# Talking with a Repository - Understanding RAG

The purpose of this Project is be able to talk with your own repository. This notebook will try to define a pipeline to work with the documentation. The main steps will be:

- Prepare the environment
- Get the repository
- Do the Ingest step 
...


## Preparing the environment

These are the main libraries used for each step in the Pipeline:

`Get the repository`
- GitPython 

`Ingest step`
- LangChain to load the [directory](https://python.langchain.com/docs/modules/data_connection/document_loaders/file_directory)

## Get the git repository

In [10]:
# Import libraries

import os
from git import Repo

ModuleNotFoundError: No module named 'git'

Clone locally a repository from GitHub.

In [2]:
import shutil

# remove /repo directory if it exists using python
if os.path.exists("repo"):
    shutil.rmtree("repo")

repo_path = os.getcwd() + "/repo"
repo_url = "https://github.com/pablotoledo/the-mergementor.git"
Repo.clone_from(repo_url, repo_path)

repo = Repo(repo_path)
assert not repo.bare

# Move to the main branch
repo.git.checkout('main')

"Your branch is up to date with 'origin/main'."

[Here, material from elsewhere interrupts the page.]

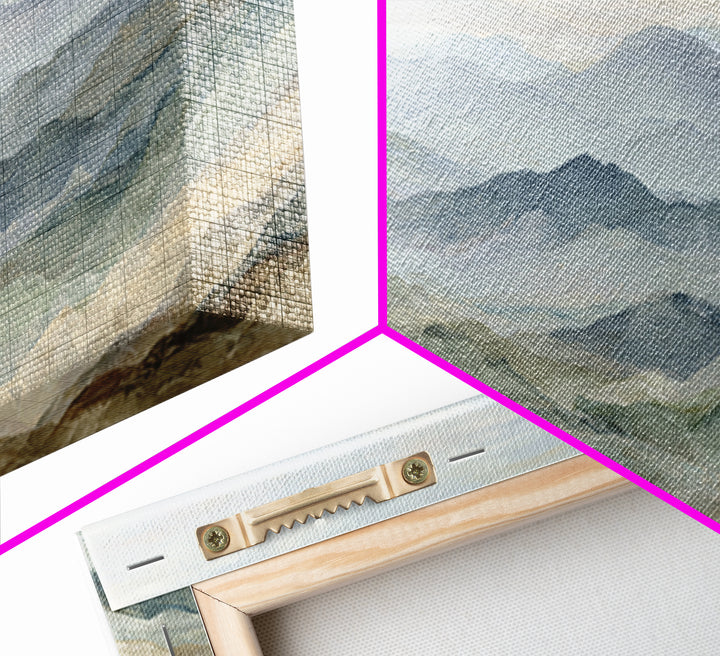 Soft Mountain Landscape Canvas Print, Medical Office Art, Digital Art, Office Decor, Oil Painting, Calm, Medical Decor, MOA-2x1-70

Read all files in the repository.

In [3]:
file_contents = []
for subdir, dirs, files in os.walk(repo_path):
    for file in files:
        filepath = subdir + os.sep + file

        if filepath.endswith((".py", ".md", ".txt")):
            with open(filepath, 'r', encoding='utf-8') as f:
                # Guarda una tupla de (ruta del archivo, contenido del archivo)
                file_contents.append((filepath, f.read()))

# Embeddings

Embeddings are a way to represent words in a vector space. The idea is to represent words in a way that similar words are close to each other in the vector space. This is useful for many NLP tasks, such as sentiment analysis, text classification, and machine translation.

In [8]:
from transformers import AutoTokenizer, AutoModel
import torch

tokenizer = AutoTokenizer.from_pretrained("microsoft/graphcodebert-base")
model = AutoModel.from_pretrained("microsoft/graphcodebert-base")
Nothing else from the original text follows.